Every line from the one with "İspanya'da korona bilançosu: Ölü" through the end of the entries below should be written out exactly; the pictures should not.

··· SOURCE DATA ···

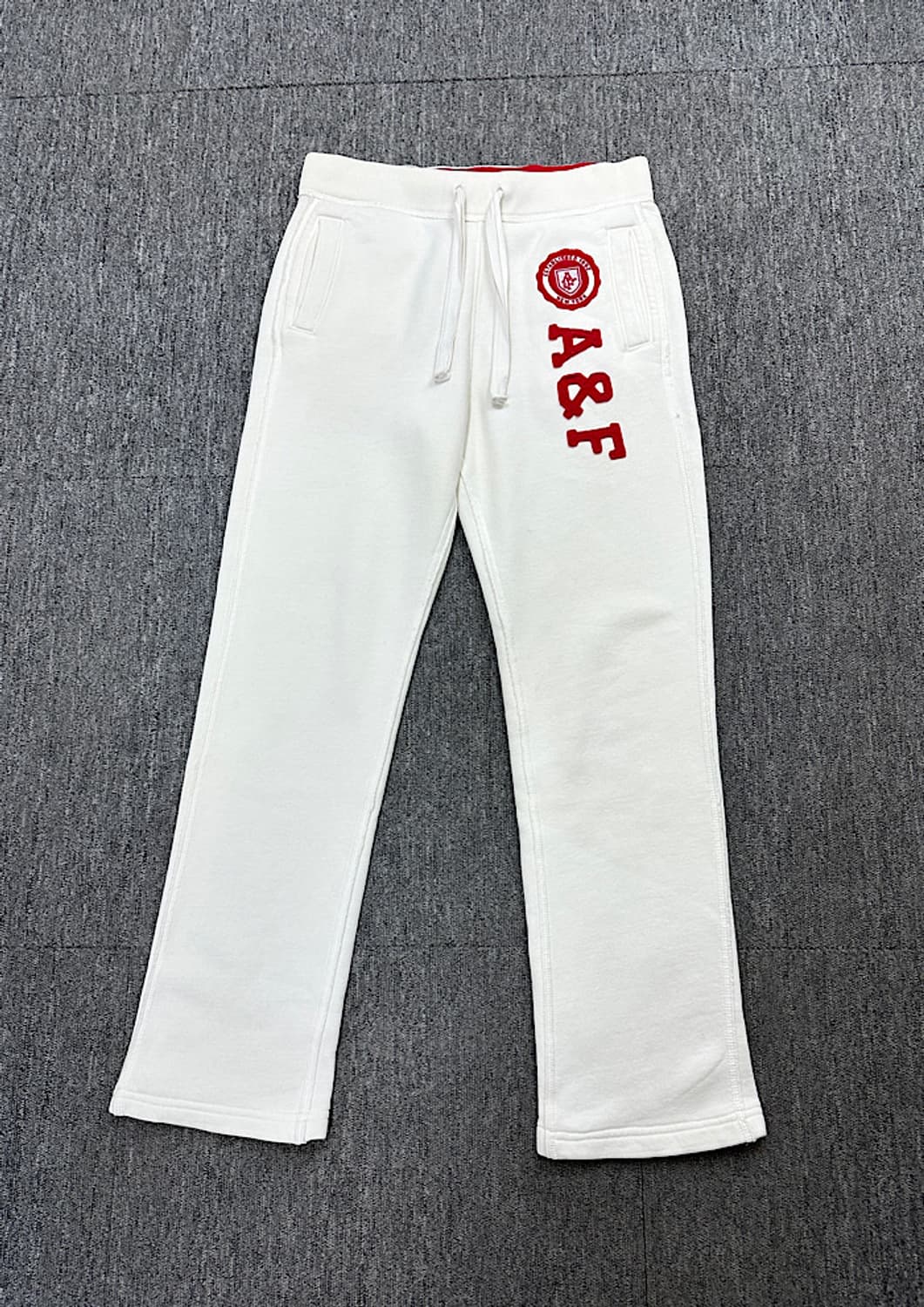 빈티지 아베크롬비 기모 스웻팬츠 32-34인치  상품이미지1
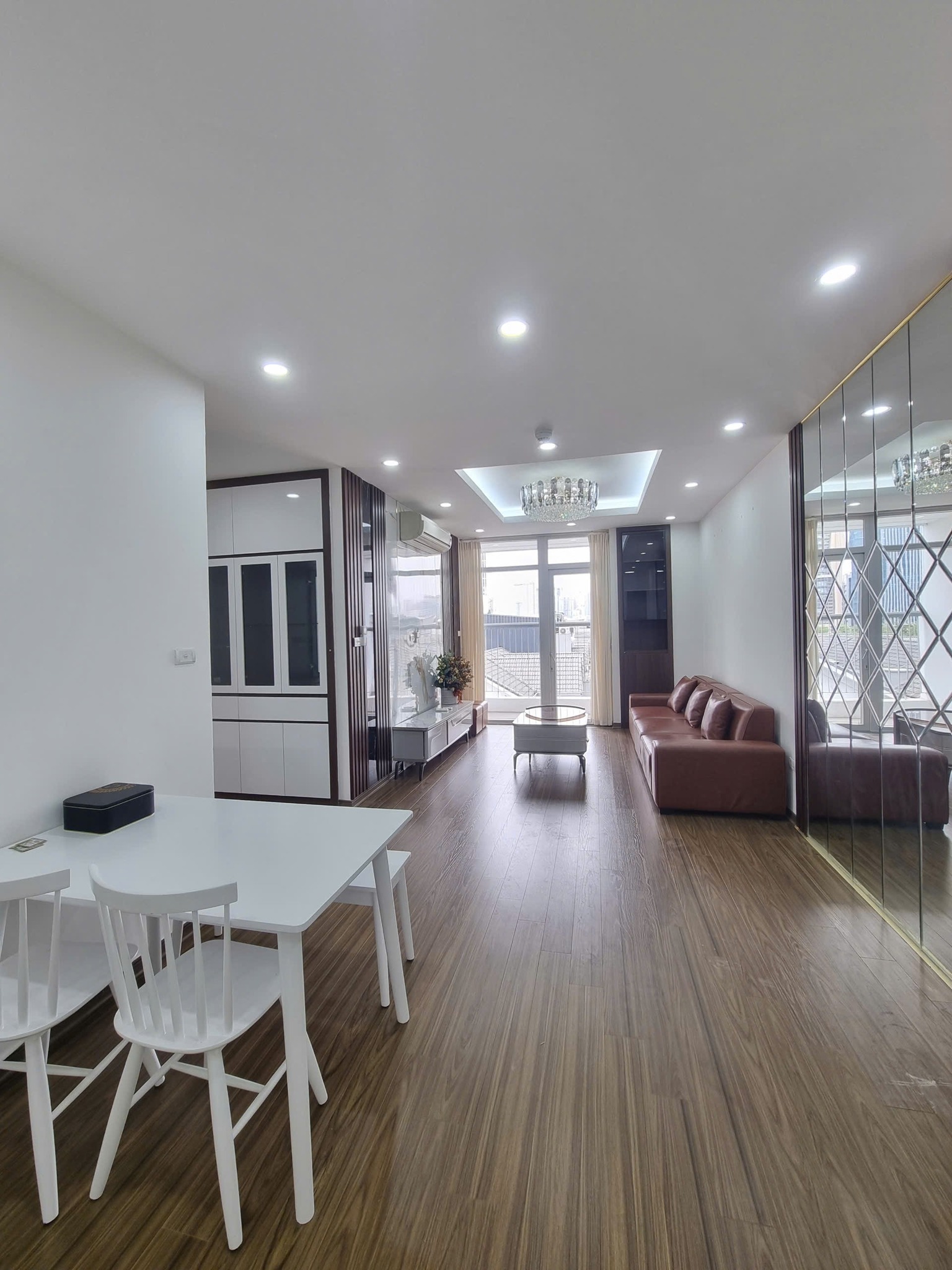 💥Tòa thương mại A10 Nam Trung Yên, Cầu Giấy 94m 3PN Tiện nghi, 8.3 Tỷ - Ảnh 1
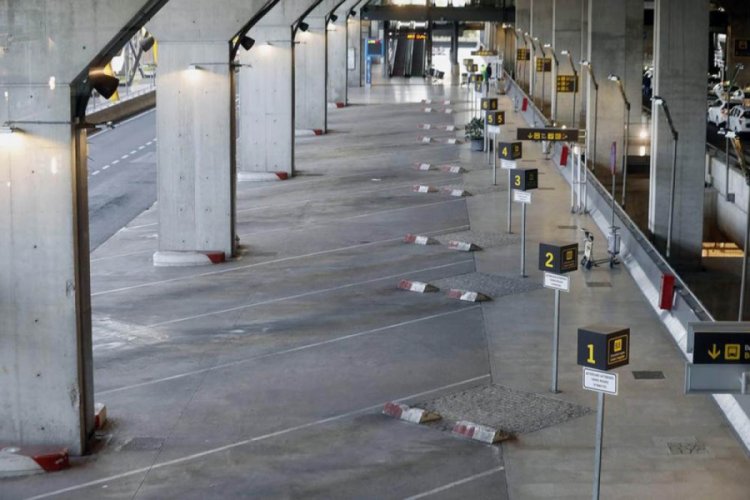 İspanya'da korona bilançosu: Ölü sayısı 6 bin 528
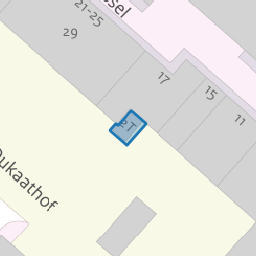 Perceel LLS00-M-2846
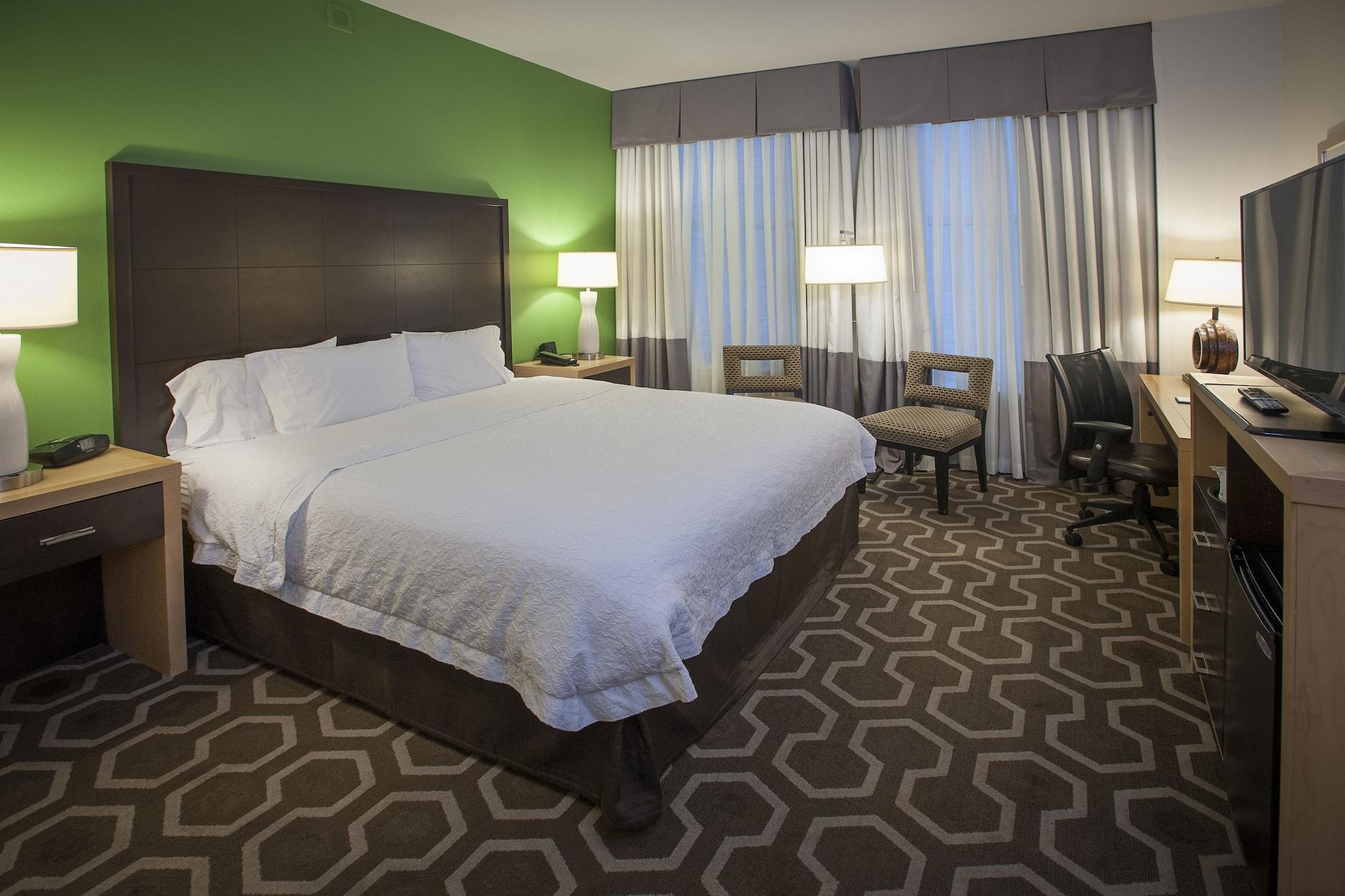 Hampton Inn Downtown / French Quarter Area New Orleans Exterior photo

···

◆ **RESULT FOR THIS TASK**:
 İspanya'da korona bilançosu: Ölü sayısı 6 bin 528
 Perceel LLS00-M-2846
 Hampton Inn Downtown / French Quarter Area New Orleans Exterior photo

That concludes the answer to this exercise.